The C/FO was at its height between 1985 and 1989, with over three dozen chapters throughout the US. John Renault helped lead the C/FO chapter in Japan and played a key role throughout fansub history due to his Japanese fluency, anime industry contacts, and military background. Renault helped exchange raws from Japan, wrote informative articles about production, translated booklets, introduced military techniques to anime distribution, and provided plot synopses that proved invaluable for watching Japan-exclusive anime. Fan distribution through C/FO's efforts, particularly C/FO Rising Sun, sought to keep anime free (but controlled within the C/FO organization) in order to promote Japanese animation. Bootlegging at the time was economically infeasible; accordingly, access to anime in North America was heavily dependent on one's contacts within anime fan communities, leading to a growing divide in fandom between the "haves" and "have-nots". In 1989 members began to accuse Patten of disloyalty for writing articles for general magazines rather than the perpetually behind-schedule C/FO fanzine. However, Patten felt that, by writing for popular magazines, he was furthering their cause to proselytize and promote anime. After Patten stepped down with no clear successor, the C/FO began to break apart, and eventually ceased to exist as a conglomerate in July 1989.

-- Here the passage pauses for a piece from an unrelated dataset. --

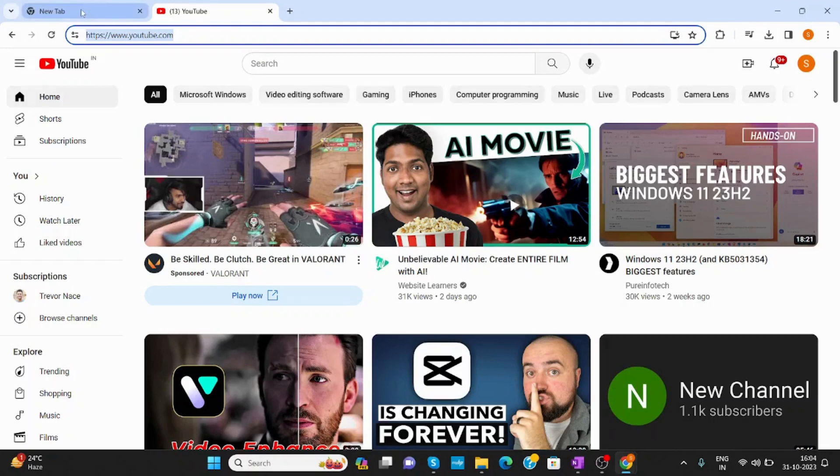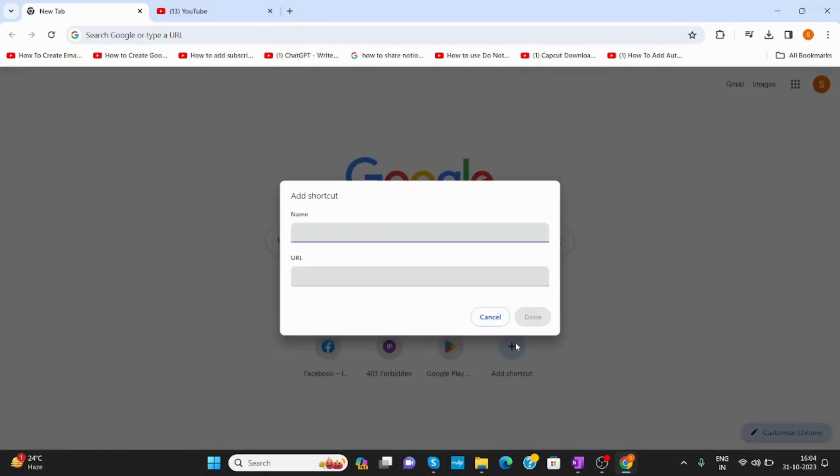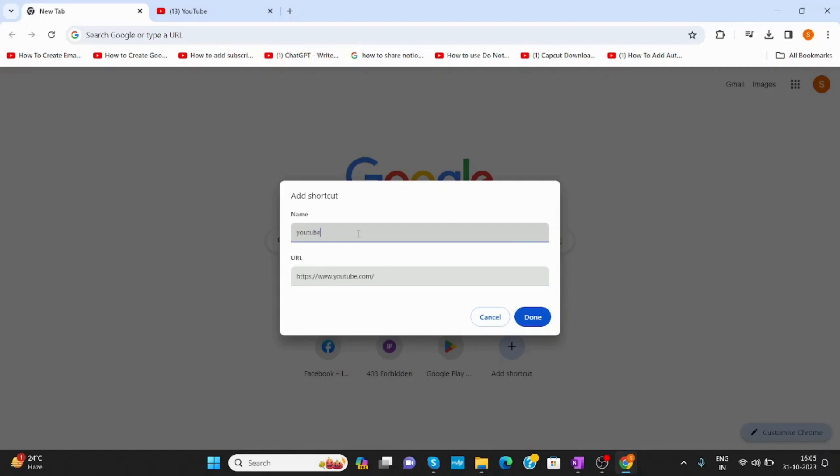Now, go back to that tab. Now, here again click on add shortcut. Now, paste the URL here in URL section. Now, you have to give a name to your shortcut. Right. I will write YouTube only. After that click on done.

===Early fansubs (1980s)===
The first known fansub documented at the Rising Sun chapter of the C/FO was in 1986 of a Lupin III episode produced on the Amiga, marking the introduction of the formula for the process of fansubbing. However, fansubbing was extremely expensive at this time (on the order of $4000 in 1986 and over one hundred hours). There were a few ventures into subtitling in the late 1980s; Leonard labels the fansub of the first two episodes of Ranma ½ in May 1989 as the earliest widely distributed fansub.

===Distribution and playback (1990s, early 2000s)===

In the late 1990s and early 2000s, fansubs were primarily distributed through physical means like VHS or Beta tapes and mailed CD-Rs. Many fans did not have high-speed Internet and were unable to download large files. Many of the early digital fansubs were made from regular tape subs. In the mid-2000s, most fansubs were distributed through IRC channels, file hosting services and BitTorrent. In recent years, most fansub groups have moved from IRC to BitTorrent distribution. Dedicated anime trackers make finding the latest releases easy, while groups often have their own websites for release updates. File size standards are less strict due to the lack of CD-R and DVD-R reliance.

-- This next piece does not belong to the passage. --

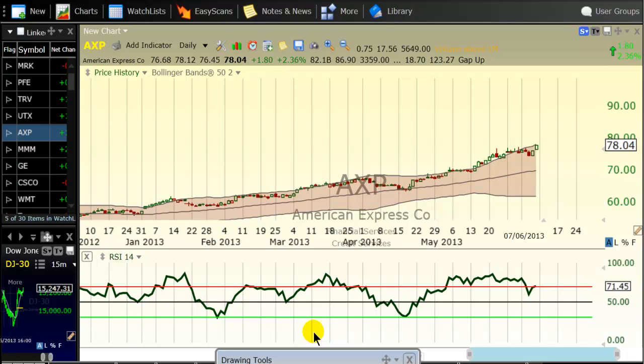Hello traders. This video is about trading RSI. The RSI stands for Relative Strength Index. The Relative Strength Index indicator is a very popular indicator, and we're going to discuss how one can make excellent trading decisions using the RSI indicator.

==Legal and ethical issues==
Hye-Kyung Lee, a lecturer at King's College London, states that anime fansubbers embody the general characteristics of fans described by John Fiske: fansubbers are motivated by a strong affection for anime, devotion to sharing it with other fans, a sense of community interaction with their viewers, a desire to work collaboratively in a group, and a strong desire to support the local animation industry by promoting anime culture and widening anime's accessibility. Lee describes fansubbers as involved in productive activities that enhance their knowledge of anime, improve their skills, and develop a final product. The goal of the first anime club, Cartoon Fantasy Organization, and its subsequent chapters was to proselytize and promote anime. Sean Leonard and Lee agree that without fan distribution that began in the 1970s and 1980s, the anime industry would not take off as it did in the 1990s. Some companies such as Protoculture Addicts with its titular magazine and Viz Media with Animerica drew their origins from anime club fanzines in the early history of fansubs.

Lee describes an unspoken rule in the early fan community: "once the anime was licensed the fansubbed version should no longer be circulated". As a result, many fansubbers do not view themselves as pirates. Sean Leonard distinguishes fansubs from bootlegs in this period, arguing that fansubs followed that unspoken rule, whereas bootlegs aimed to make a profit. Many fansubs began to include a "This is a free fansub: not for sale, rent, or auction" disclaimer as a response to bootleggers, and would encourage viewers to buy official copies. As fansubbing was so expensive in the 1980s, and official Western releases of anime were rare and often poor-quality, bootlegging tended to be financially infeasible during this period.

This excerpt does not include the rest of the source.